Exercise data: Begin

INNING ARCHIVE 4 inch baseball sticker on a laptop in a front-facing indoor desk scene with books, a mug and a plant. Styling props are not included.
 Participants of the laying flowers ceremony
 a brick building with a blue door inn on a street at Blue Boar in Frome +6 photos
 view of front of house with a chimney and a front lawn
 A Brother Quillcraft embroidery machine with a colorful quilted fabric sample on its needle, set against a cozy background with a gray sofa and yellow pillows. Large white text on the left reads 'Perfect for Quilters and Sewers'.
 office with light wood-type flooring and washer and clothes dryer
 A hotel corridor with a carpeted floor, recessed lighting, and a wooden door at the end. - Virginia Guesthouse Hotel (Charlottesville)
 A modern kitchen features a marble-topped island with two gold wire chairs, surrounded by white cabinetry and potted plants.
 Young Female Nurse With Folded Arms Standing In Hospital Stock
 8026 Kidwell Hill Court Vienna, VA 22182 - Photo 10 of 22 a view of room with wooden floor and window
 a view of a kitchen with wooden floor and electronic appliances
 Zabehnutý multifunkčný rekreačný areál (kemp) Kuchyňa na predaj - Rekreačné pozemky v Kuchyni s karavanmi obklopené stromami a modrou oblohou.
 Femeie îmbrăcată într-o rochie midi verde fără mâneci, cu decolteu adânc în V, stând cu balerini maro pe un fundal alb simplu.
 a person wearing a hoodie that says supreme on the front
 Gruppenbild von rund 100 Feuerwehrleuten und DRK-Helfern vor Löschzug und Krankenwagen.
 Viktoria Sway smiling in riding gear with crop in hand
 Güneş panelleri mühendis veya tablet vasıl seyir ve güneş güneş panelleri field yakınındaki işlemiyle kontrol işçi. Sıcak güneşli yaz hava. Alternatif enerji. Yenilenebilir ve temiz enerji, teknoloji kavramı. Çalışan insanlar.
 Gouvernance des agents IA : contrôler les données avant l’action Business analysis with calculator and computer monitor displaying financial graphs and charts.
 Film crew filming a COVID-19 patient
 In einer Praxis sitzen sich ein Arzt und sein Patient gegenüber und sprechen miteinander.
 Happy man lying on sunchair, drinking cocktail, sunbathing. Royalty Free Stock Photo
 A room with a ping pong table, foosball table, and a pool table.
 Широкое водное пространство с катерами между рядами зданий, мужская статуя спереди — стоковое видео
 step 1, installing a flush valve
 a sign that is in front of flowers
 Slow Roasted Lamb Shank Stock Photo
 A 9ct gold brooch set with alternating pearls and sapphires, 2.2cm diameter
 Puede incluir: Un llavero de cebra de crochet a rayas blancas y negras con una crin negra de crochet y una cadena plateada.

Exercise data: End

**Your task:** Wherever a line contains the string "kitchen", copy that line from the data.

**Result of this task:**
 A modern kitchen features a marble-topped island with two gold wire chairs, surrounded by white cabinetry and potted plants.
 a view of a kitchen with wooden floor and electronic appliances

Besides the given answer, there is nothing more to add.